Dans la haute mer, les vagues montent les unes par-dessus les autres;
elles se poursuivent, se heurtent, se roulent comme dans une lutte
continuelle, avec des remous vertigineux, avec de furieuses convulsions:
tout semble bouillonner et se confondre. Mais, au milieu de l'écume
neigeuse, au centre de ce tourbillon, des formes humaines glissent,
disparaissent, reviennent, tantôt perdues dans les blancs flocons à la
crête du flot, tantôt visibles dans le creux de la vague.

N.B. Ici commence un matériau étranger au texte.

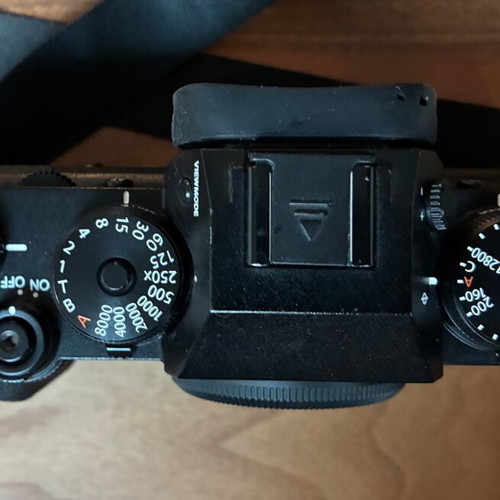 Fujifilm X-T4 camera used with accessories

Cependant la
tempête n'est plus aussi bruyante, et le vent, au lieu de siffler d'une
façon sauvage et désordonnée, souffle comme dans des cordes
harmonieuses; une clarté blafarde s'élève de la mer, laissant les côtes
dans l'ombre, et, fait certain, presque palpable, au sein de cette
clarté, des corps blancs et souples, des corps de femmes aux ondulations
charmantes montent et descendent dans la vague, s'abandonnant au
mouvement de la marée.

Ils regardent interdits, croyant à un mirage, et se frottent les yeux.
Paul ne respire plus; une flamme extraordinaire aux yeux, les lèvres
ouvertes, les bras tendus vers la fantastique apparition, il crie:

«Les Sirènes!»

Julien lui-même subit le charme et ne peut détacher ses yeux de
l'incroyable et dangereux spectacle.

Le tumulte de la nature s'apaise, s'effaçant peu à peu; les vagues
s'élèvent moins haut, roulent moins furieuses, tandis que les corps
blancs glissent sur les eaux profondes et se rapprochent du rivage. Plus
de grondements menaçants au ciel, plus de rugissements dans l'air, plus
de hurlements dans la mer; le tapage des galets cesse de lui-même,
l'écume vole plus doucement sur les roches, et les grottes sous-marines
diminuent leurs rauques mugissements, échos redoutables de la tempête.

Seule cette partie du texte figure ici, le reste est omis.